**YOUR INSTRUCTIONS:**
Verbatim output of the lines below is required, with the images omitted.

*** Opening of SOURCE DATA ***

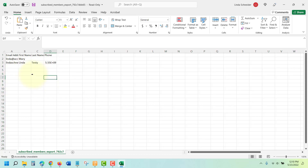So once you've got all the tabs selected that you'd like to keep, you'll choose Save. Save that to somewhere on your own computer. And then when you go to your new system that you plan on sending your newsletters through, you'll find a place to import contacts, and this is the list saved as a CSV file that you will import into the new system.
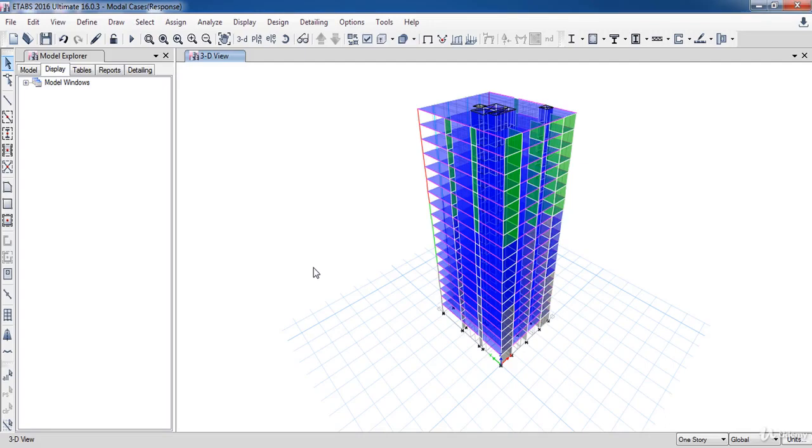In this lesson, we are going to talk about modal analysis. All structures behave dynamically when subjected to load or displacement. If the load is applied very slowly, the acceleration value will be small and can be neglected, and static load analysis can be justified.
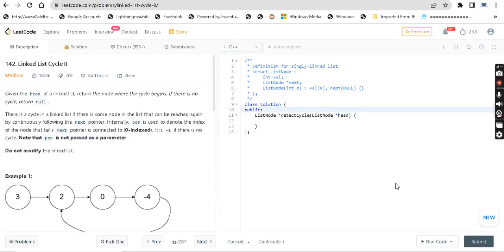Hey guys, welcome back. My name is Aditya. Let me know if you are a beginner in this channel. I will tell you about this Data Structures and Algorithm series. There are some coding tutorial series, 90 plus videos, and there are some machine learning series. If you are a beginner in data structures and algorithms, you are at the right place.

*** Close of SOURCE DATA ***

**SOLUTION FOR THIS TASK:**
So once you've got all the tabs selected that you'd like to keep, you'll choose Save. Save that to somewhere on your own computer. And then when you go to your new system that you plan on sending your newsletters through, you'll find a place to import contacts, and this is the list saved as a CSV file that you will import into the new system.
In this lesson, we are going to talk about modal analysis. All structures behave dynamically when subjected to load or displacement. If the load is applied very slowly, the acceleration value will be small and can be neglected, and static load analysis can be justified.
Hey guys, welcome back. My name is Aditya. Let me know if you are a beginner in this channel. I will tell you about this Data Structures and Algorithm series. There are some coding tutorial series, 90 plus videos, and there are some machine learning series. If you are a beginner in data structures and algorithms, you are at the right place.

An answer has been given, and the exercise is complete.